## SOURCE DATA
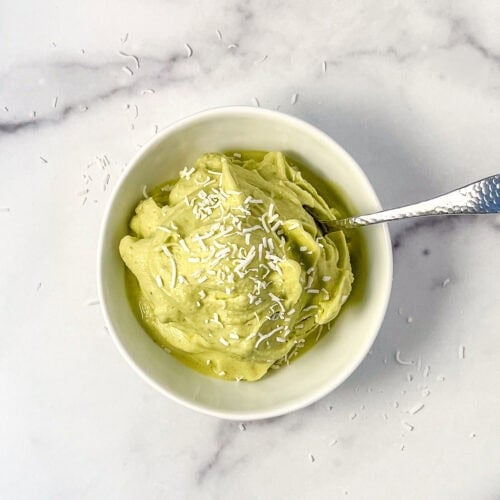 Matcha nice cream in a bowl with a spoon.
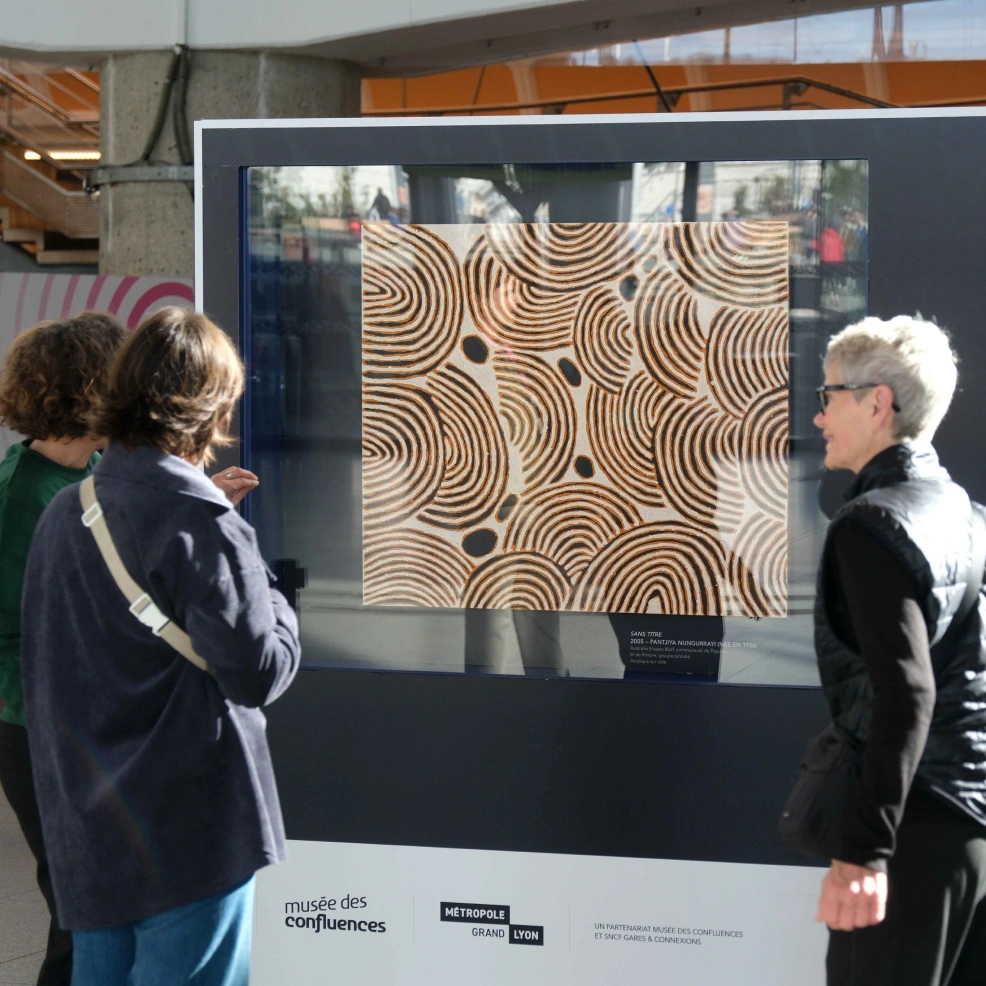 Deux femmes ainsi qu'une médiatrice se tiennent devant une œuvre originale exposée en gare de Lyon Part Dieu dans le cadre de l'opération "Un jour, Une œuvre". Une toile aborigène issue du musée des Confluences se trouve dans une cimaise.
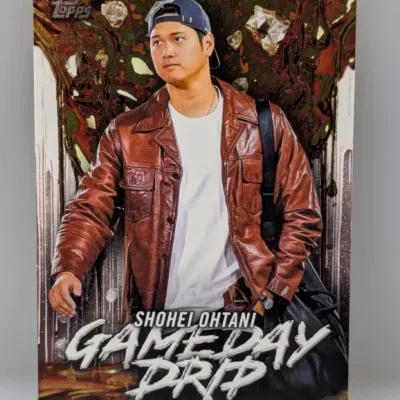 Topps Shohei Ohtani 'Gameday Drip' insert trading card, featuring Ohtani in casual street attire against a stylized foil...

## YOUR OBJECTIVE
Please give the data again in full, exactly as written, but without any images.

## ANSWER SPACE
 Matcha nice cream in a bowl with a spoon.
 Deux femmes ainsi qu'une médiatrice se tiennent devant une œuvre originale exposée en gare de Lyon Part Dieu dans le cadre de l'opération "Un jour, Une œuvre". Une toile aborigène issue du musée des Confluences se trouve dans une cimaise.
 Topps Shohei Ohtani 'Gameday Drip' insert trading card, featuring Ohtani in casual street attire against a stylized foil...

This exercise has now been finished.